Managing accounts, however, is now a source of significant stress for many people, particularly those who are not confident using online or telephone banking. But this is not just personal customers, many people who manage the organisations that make up civil society in rural areas – village halls, parish councils, community groups – are struggling to access banking services that are becoming digital by default.
Customers are supposed to be at the centre of a bank’s duties, so why have services to some customers become so stressful? We are told that the move to online banking is something being demanded by users, this is not the main reason for the change.
It is worth remembering that banks in every town, and even larger villages, were a direct consequence of physical currency. In the UK, management of notes and coins required a social contract between the state and the retail banks. It was the responsibility of these ‘clearing’ banks to manage currency on behalf of the Bank of England and, in return, their unrivalled status in every community went unchallenged.

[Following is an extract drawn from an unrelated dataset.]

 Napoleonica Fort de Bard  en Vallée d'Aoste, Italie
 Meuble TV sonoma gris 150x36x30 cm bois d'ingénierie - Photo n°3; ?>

Greater competition between the established banks and new ‘challenger’ banks has been a conscious decision of policy over recent years, but one that only started to take real effect once banks were able to go online. A new challenger bank, with a clever online presence and no responsibility for physical currency, can easily compete with the established banks in a way that would not have been possible before. Add concerted action by the banking regulators to remove ‘friction’ for people changing banks, and the conditions for a ‘race to the bottom’ to dispose of expensive estate and workforce was complete.

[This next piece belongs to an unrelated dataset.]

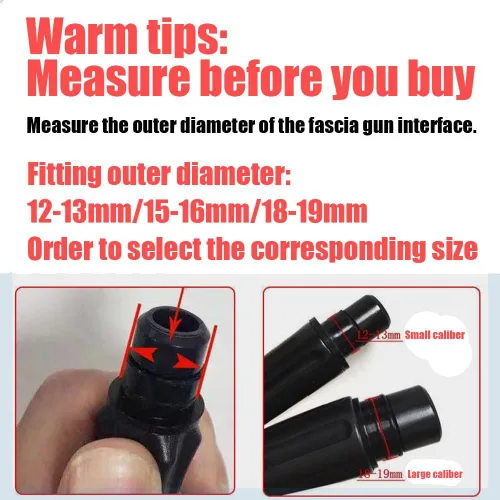 Vista 5 de Accesorios de pistola de masaje de diámetro interior de 1.22 pulgadas, diseño en forma de L que satisface diferentes necesidades de percusión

The move from face-to-face banking to call centres, websites, then apps and the consequent disappearance of cash and a requirement for ‘standardised’ accounts have all come about because of this policy to prioritise market competition. As a result, there are almost no bank branches remaining in rural parts of England today; charities and parish councils struggle to manage their particular accounts, and people who are not confident with IT hang on to cash-based ‘workarounds’, with all the risk this entails.
Increasingly, bank staff have little experience of helping customers face-to-face and few have ever helped charity customers through the banks’ tricky mandate and anti-fraud procedures. If in future websites and call-centre scripts will be written by people without this experience, so customer service is unlikely to improve?

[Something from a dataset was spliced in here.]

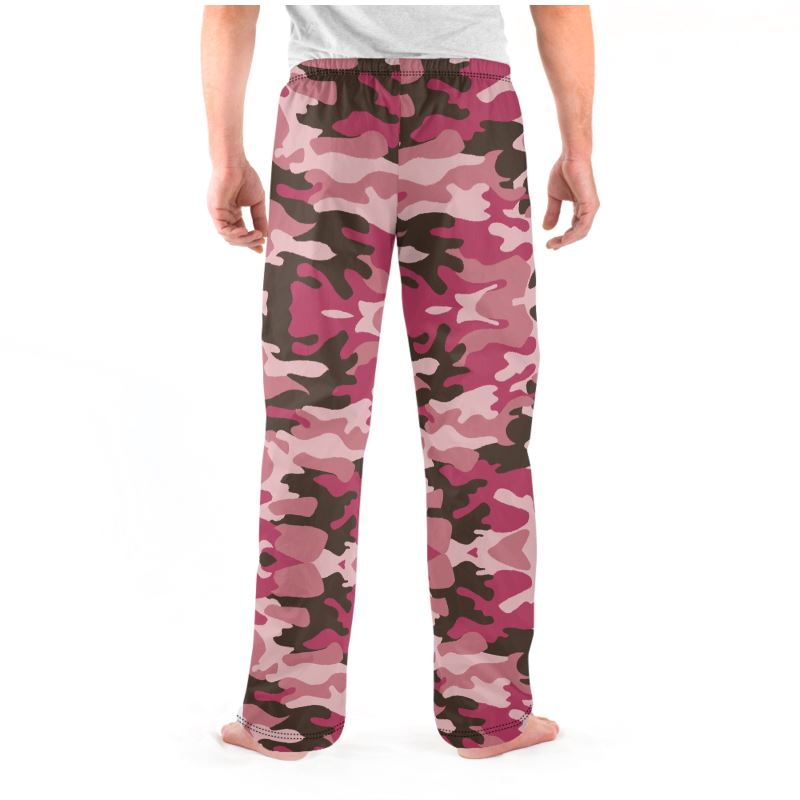 Pink Camouflage Mens Pajama Bottoms by The Photo Access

What are the solutions? ACRE and a group of other charities have been working with UK Finance (the banks’ trade association) over the past year to find ways forward. There are some genuinely difficult and structural challenges that lie alongside the more obvious elements of online banking. It may be possible to create an online resource that could help charities select a bank account that suits their needs – if one exists; but it will be much less easy to solve many of the other issues.
What is needed is a new social contract between the banking industry, government and wider society. A fresh approach would need to recognise that pure market competition may efficiently meet 80% of society’s banking and related requirements but that the remaining 20% will need a safety net - at least until the whole population have the skills and infrastructure that this new, digital, world requires.
In rural areas this may involve a re-invention of the post office or similar institution, with a clear role in bringing together basic financial, transactional, and administrative services within all communities, especially for more vulnerable people. For small charities it may require some banks to specialise and be granted greater leave to co-operate to enable better access. This will need creative intervention by the Treasury, the Charity Commission, the Financial Conduct Authority and the Competition and Markets Authority. It will certainly need leadership from within the charity and rural sectors and the banks themselves.